Provided data ▸
====
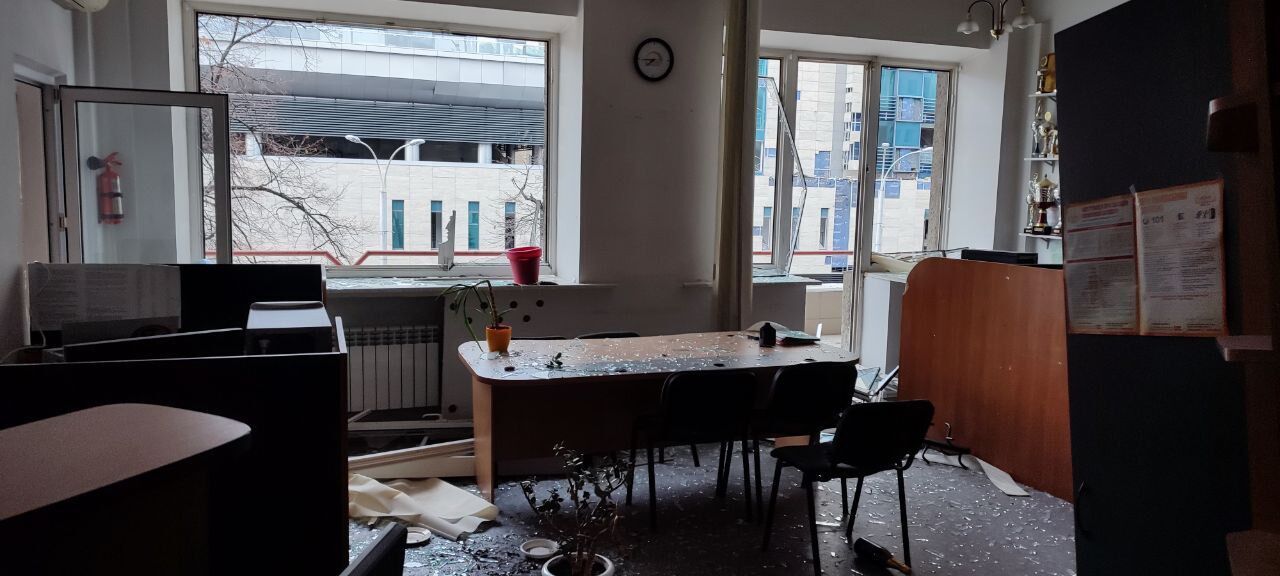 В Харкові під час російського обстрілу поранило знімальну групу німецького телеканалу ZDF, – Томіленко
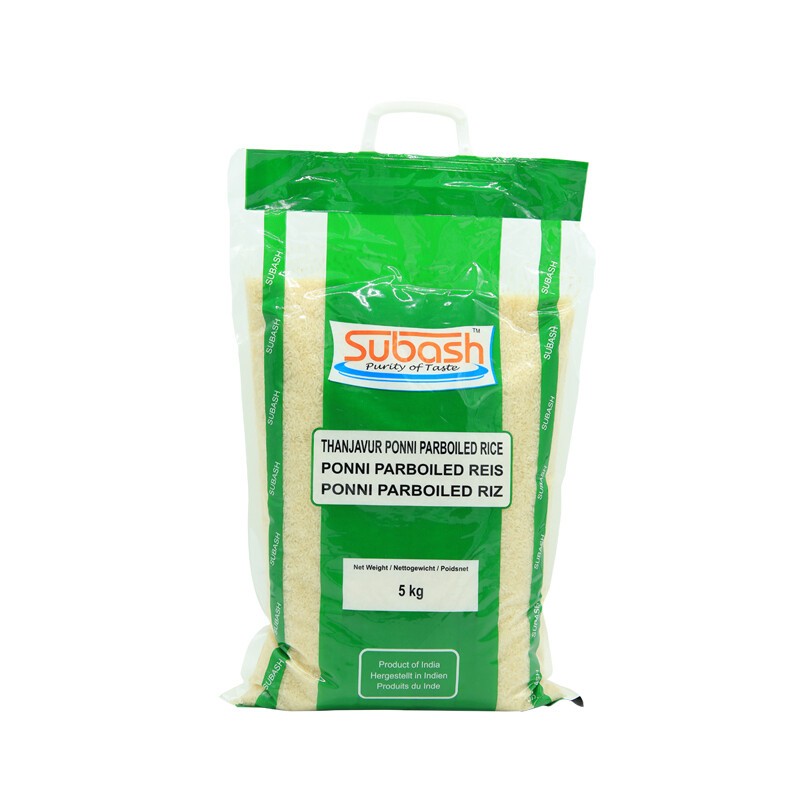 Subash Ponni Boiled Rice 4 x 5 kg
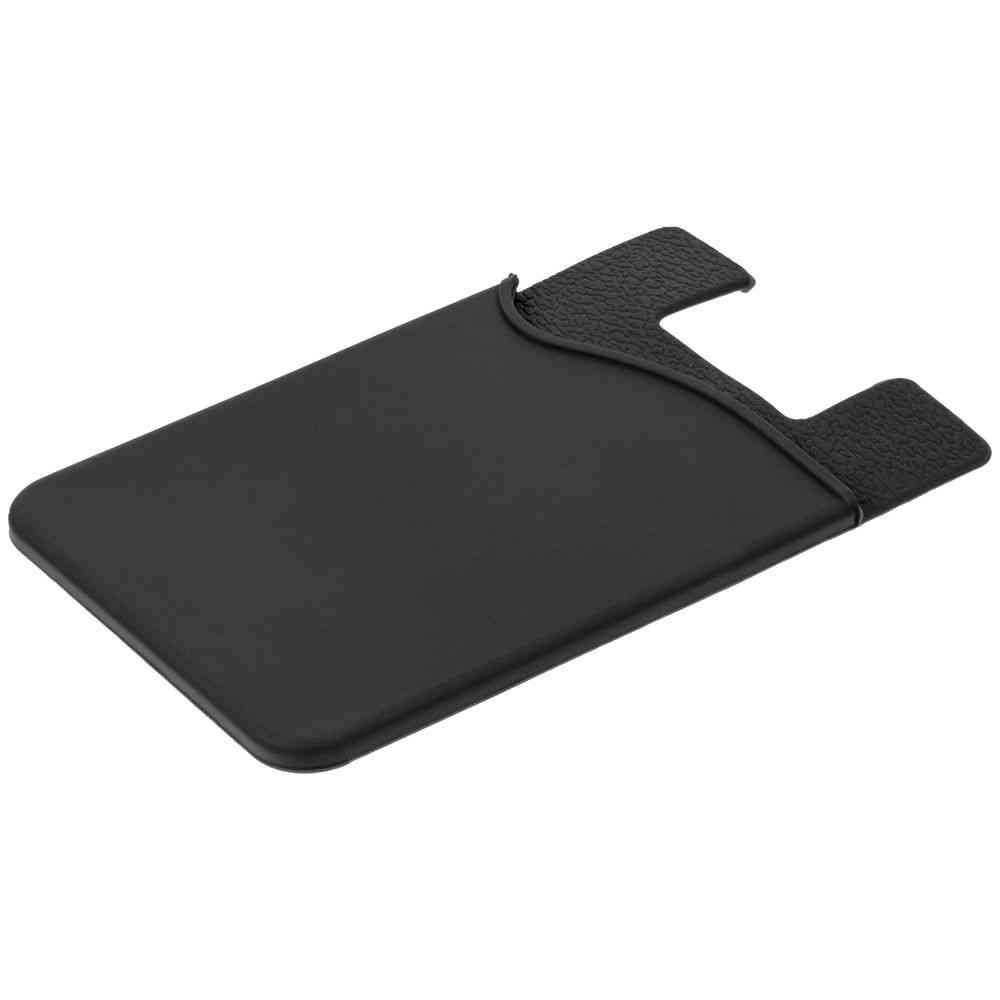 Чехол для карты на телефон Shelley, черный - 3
====
Work to be completed ▸ Only the lines from the line with "Subash Ponni Boiled Rice 4 x 5 kg" through the final line of the material belong in the answer, copied exactly and without pictures.

Response to the exercise ▸
 Subash Ponni Boiled Rice 4 x 5 kg
 Чехол для карты на телефон Shelley, черный - 3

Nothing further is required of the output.